Abstract:
In a scientific community including researchers and students who are
dedicated in reading, experimenting and writing ideas to the research world, they must
refer to a significant number of articles on a daily basis. Digital libraries play a key role
in supplementing scientific articles within online platforms. Due to the much abundance
quantities of such articles presented in various platforms, the searching process tends
toward time consuming, and identifying much related resources among them becomes
again difficult. On the other hand, the majority of the scientific articles are available on
a subscription-based and the online archives show only a document abstract but users
necessitate extra material to determine if the article is extremely relevant or not, even
if it merely provides a quick description.

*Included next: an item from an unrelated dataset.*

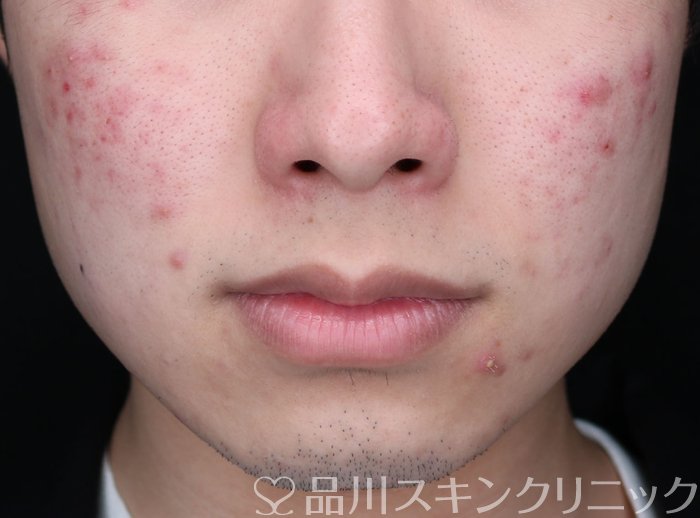 症例NO.73719のBEFORE写真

Therefore, this work aims to introduce an
alternative approach to simplify the searching and sorting of the scientific articles for a
digital library where a short subunit of sentences of the subscribed articles will be
provided before purchasing it. To find a best algorithm for the process of summarisation
of scientific articles within a short time and provide a good comprehension of the
scientific document are to be investigated. Summaries from the publicly available
SumPubMed dataset of scientific articles are evaluated using supervised and
unsupervised approaches and manual summaries from them are compared. Text Rank
algorithm performed better than the TF-IDF and K-Means algorithms, and the system
achieved a better result when increasing the content size of the article.